What needs to be done
Below are the records; give again exactly the line with "Czarne skórzane eleganckie", the line with "Young happy women", and each line that lies between them, and nothing besides.

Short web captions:
☆ ☆ ☆ ☆ ☆
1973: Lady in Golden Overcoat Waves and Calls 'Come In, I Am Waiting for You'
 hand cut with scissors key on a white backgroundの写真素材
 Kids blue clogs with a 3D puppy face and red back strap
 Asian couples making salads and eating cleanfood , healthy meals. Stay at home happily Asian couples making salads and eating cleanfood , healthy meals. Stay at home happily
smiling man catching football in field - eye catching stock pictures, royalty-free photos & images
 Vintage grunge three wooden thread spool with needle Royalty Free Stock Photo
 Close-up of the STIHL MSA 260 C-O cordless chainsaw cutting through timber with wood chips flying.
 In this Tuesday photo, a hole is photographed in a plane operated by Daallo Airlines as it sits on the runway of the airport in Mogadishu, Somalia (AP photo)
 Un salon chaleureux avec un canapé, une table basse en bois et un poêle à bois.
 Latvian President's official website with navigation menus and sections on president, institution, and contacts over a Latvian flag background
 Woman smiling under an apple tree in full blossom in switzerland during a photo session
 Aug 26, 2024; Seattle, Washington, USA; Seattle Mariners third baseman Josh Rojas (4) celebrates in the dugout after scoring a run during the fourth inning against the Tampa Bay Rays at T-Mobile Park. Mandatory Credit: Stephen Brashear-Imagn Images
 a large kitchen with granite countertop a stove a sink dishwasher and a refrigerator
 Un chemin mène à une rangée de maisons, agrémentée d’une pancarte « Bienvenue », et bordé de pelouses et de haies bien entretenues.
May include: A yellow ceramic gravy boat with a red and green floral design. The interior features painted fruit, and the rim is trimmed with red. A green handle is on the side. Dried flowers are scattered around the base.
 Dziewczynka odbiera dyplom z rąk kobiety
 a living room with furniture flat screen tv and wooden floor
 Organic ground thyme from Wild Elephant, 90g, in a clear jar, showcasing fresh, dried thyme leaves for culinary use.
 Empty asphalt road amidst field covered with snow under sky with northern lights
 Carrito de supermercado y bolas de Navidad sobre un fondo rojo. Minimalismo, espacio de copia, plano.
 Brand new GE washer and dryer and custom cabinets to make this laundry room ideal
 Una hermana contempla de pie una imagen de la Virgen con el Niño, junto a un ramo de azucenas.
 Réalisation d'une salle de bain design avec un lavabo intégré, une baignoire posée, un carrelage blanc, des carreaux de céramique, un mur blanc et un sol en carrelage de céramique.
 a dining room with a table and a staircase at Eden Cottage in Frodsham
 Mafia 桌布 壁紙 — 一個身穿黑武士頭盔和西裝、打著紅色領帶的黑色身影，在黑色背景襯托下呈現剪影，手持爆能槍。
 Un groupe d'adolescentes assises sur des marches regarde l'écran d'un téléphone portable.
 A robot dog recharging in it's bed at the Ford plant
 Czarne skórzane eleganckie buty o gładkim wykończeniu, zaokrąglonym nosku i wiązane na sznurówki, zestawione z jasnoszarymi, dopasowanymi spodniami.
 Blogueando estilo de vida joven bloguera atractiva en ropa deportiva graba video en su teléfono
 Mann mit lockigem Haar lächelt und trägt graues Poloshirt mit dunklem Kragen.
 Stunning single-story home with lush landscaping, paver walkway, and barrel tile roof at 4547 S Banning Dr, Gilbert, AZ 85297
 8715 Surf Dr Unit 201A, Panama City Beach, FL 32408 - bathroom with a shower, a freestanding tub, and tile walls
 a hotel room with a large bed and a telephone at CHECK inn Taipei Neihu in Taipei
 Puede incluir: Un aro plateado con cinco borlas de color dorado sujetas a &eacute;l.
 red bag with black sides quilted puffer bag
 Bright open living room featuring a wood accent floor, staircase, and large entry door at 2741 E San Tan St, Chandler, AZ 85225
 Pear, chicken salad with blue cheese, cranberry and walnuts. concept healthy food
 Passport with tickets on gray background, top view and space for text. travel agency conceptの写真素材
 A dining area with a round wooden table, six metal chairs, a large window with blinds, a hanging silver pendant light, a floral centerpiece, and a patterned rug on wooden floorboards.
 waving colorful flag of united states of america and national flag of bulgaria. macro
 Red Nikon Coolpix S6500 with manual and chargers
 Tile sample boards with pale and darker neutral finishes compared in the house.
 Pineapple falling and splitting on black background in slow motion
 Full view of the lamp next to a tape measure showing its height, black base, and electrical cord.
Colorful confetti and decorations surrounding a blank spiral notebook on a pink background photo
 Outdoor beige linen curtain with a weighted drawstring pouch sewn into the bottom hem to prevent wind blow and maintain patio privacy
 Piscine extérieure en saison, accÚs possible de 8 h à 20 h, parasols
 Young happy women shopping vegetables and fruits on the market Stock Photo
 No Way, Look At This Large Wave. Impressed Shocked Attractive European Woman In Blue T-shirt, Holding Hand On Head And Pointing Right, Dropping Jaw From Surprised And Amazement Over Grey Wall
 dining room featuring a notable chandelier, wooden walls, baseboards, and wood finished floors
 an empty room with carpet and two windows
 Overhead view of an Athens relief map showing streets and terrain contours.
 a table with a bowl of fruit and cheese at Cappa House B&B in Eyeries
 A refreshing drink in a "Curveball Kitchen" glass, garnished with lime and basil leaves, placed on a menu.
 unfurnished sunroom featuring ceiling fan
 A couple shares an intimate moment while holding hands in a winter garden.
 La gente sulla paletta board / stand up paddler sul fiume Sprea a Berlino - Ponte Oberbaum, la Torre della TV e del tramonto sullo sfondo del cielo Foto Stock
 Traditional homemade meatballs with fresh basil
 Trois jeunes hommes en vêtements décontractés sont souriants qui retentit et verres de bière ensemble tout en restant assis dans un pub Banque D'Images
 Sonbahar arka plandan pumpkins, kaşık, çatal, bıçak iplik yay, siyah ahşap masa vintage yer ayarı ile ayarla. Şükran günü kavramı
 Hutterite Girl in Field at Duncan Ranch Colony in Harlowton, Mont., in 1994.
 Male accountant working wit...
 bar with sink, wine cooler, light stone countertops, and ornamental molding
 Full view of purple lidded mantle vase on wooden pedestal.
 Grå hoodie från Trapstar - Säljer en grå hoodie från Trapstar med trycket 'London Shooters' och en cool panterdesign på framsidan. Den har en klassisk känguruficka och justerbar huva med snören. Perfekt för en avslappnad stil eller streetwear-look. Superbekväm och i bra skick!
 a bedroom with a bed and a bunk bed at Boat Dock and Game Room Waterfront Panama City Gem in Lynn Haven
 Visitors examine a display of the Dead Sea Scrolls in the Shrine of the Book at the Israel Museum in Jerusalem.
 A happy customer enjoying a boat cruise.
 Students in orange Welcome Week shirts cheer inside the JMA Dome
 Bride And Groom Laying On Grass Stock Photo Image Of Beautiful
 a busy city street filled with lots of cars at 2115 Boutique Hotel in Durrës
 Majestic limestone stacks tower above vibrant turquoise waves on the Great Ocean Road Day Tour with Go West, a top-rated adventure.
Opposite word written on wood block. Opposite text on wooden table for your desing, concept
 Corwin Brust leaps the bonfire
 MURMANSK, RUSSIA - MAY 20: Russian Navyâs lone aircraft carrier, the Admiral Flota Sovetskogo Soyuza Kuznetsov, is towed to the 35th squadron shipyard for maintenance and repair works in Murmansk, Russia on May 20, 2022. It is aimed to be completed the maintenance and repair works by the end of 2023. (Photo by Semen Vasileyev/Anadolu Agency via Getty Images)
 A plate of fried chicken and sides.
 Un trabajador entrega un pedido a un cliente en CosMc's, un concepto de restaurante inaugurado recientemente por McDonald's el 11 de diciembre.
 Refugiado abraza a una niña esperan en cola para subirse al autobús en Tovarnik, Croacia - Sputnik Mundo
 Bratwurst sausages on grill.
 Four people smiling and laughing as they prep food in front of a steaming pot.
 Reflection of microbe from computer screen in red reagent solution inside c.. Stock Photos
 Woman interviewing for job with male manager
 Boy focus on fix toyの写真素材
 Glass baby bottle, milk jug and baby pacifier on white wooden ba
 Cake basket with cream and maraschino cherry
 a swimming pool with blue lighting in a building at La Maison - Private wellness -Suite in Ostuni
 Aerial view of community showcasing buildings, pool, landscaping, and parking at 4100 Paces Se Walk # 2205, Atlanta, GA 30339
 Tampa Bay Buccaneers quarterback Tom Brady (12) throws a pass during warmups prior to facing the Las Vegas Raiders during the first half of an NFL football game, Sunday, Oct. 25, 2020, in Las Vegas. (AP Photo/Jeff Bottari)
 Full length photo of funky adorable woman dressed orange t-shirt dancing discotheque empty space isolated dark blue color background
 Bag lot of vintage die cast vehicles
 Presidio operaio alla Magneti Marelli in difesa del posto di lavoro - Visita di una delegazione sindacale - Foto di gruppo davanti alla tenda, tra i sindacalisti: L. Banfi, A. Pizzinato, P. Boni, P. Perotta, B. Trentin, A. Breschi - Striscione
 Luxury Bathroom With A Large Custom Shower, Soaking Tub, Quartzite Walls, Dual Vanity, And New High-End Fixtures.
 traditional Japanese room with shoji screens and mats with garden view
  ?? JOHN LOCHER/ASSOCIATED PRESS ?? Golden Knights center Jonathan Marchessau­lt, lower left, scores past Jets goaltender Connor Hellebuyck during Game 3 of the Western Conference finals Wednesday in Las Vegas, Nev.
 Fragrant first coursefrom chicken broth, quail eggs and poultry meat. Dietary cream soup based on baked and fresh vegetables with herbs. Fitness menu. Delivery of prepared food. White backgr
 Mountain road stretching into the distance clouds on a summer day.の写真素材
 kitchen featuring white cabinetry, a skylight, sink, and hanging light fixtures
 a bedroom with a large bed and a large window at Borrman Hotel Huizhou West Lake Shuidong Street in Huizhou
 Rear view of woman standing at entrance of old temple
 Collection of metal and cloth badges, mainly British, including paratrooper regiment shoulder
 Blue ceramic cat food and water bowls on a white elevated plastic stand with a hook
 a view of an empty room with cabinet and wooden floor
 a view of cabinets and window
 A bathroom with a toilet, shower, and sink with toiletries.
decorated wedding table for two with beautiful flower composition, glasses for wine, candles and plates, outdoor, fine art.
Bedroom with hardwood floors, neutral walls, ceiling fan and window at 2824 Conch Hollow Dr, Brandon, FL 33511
☆ ☆ ☆ ☆ ☆
Task solution
 Czarne skórzane eleganckie buty o gładkim wykończeniu, zaokrąglonym nosku i wiązane na sznurówki, zestawione z jasnoszarymi, dopasowanymi spodniami.
 Blogueando estilo de vida joven bloguera atractiva en ropa deportiva graba video en su teléfono
 Mann mit lockigem Haar lächelt und trägt graues Poloshirt mit dunklem Kragen.
 Stunning single-story home with lush landscaping, paver walkway, and barrel tile roof at 4547 S Banning Dr, Gilbert, AZ 85297
 8715 Surf Dr Unit 201A, Panama City Beach, FL 32408 - bathroom with a shower, a freestanding tub, and tile walls
 a hotel room with a large bed and a telephone at CHECK inn Taipei Neihu in Taipei
 Puede incluir: Un aro plateado con cinco borlas de color dorado sujetas a &eacute;l.
 red bag with black sides quilted puffer bag
 Bright open living room featuring a wood accent floor, staircase, and large entry door at 2741 E San Tan St, Chandler, AZ 85225
 Pear, chicken salad with blue cheese, cranberry and walnuts. concept healthy food
 Passport with tickets on gray background, top view and space for text. travel agency conceptの写真素材
 A dining area with a round wooden table, six metal chairs, a large window with blinds, a hanging silver pendant light, a floral centerpiece, and a patterned rug on wooden floorboards.
 waving colorful flag of united states of america and national flag of bulgaria. macro
 Red Nikon Coolpix S6500 with manual and chargers
 Tile sample boards with pale and darker neutral finishes compared in the house.
 Pineapple falling and splitting on black background in slow motion
 Full view of the lamp next to a tape measure showing its height, black base, and electrical cord.
Colorful confetti and decorations surrounding a blank spiral notebook on a pink background photo
 Outdoor beige linen curtain with a weighted drawstring pouch sewn into the bottom hem to prevent wind blow and maintain patio privacy
 Piscine extérieure en saison, accÚs possible de 8 h à 20 h, parasols
 Young happy women shopping vegetables and fruits on the market Stock Photo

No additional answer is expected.